Qué compuestos pasan del plástico al alimento
El estudio identificó la migración de cuatro grandes grupos de aditivos plásticos:
- Ftalatos
- Ésteres organofosforados
- Bisfenoles
- Plastificantes alternativos a los ftalatos
Estos compuestos se utilizan para dar flexibilidad, resistencia y estabilidad a los plásticos, pero pueden pasar al alimento tras un contacto prolongado.
Los resultados muestran que la migración depende del tipo de pescado y del envase. Los compuestos solubles en grasa se transfieren con mayor facilidad a pescados grasos como el salmón, mientras que algunos bisfenoles migran más hacia especies con alto contenido de agua, como la merluza.
Tasas de migración que alcanzan niveles muy altos
El análisis detectó tasas de transferencia especialmente elevadas. En algunos casos, la migración fue casi total, con valores de hasta 100 % para ciertos bisfenoles y más del 95 % para plastificantes alternativos, como el di(2-etilhexil) adipato (DEHA) en el salmón.
El tiempo de almacenamiento resultó determinante: a mayor duración del contacto, mayor concentración de aditivos en el pescado.
Además, el estudio analizó 49 contaminantes, y confirmó que todos los envases evaluados, incluidos los compostables, permitieron la transferencia de al menos algunos compuestos.
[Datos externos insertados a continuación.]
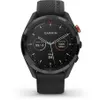 Garmin 010-02200-00 Approach...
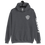 Thumbnail: Hit Theory OG Hoodie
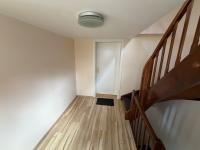 Wohnung kaufen Bad Bergzabern klein 9xzg5bhk4mza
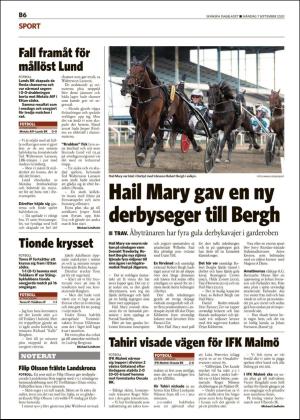skanskadagbladet_z3_b-20200907_000_00_00_006.pdf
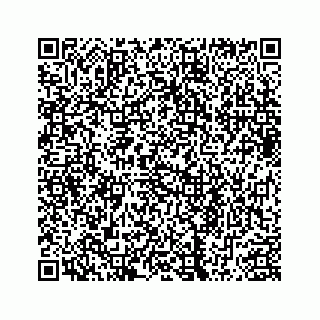 vCard 78136207154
El bisfenol A, principal factor de riesgo
Para estimar el impacto en la salud, las investigadoras compararon los niveles detectados con datos oficiales de consumo de pescado en España y calcularon la ingesta diaria estimada en adultos, niños y bebés.
Estos valores se contrastaron con los límites establecidos por organismos internacionales, en especial la Autoridad Europea de Seguridad Alimentaria.
Las conclusiones indican que el pescado almacenado en envases plásticos presenta niveles de exposición mayores que el pescado recién comprado.
En casi la mitad de los escenarios analizados, se superó el umbral de riesgo, sobre todo en el caso de merluza congelada durante 30 días en bandejas compostables.
El bisfenol A fue identificado como el principal responsable del riesgo, mientras que la contribución del resto de contaminantes fue mucho menor en comparación.
Regulación europea y lo que sigue
El estudio recuerda que la exposición a estos compuestos no proviene solo del pescado, sino también de otros alimentos, del aire y del contacto con la piel.
Ante este escenario, la Unión Europea aprobó en 2024 una regulación para restringir progresivamente el uso de bisfenoles en materiales en contacto con alimentos, la cual entrará en vigor en enero de 2025, con un periodo de transición de 36 meses.
Las autoras subrayan la necesidad de sustituir estos aditivos por alternativas más seguras y, al mismo tiempo, generar datos toxicológicos sólidos sobre los nuevos compuestos que llegan al mercado, para evaluar con precisión su impacto real en la salud de los consumidores.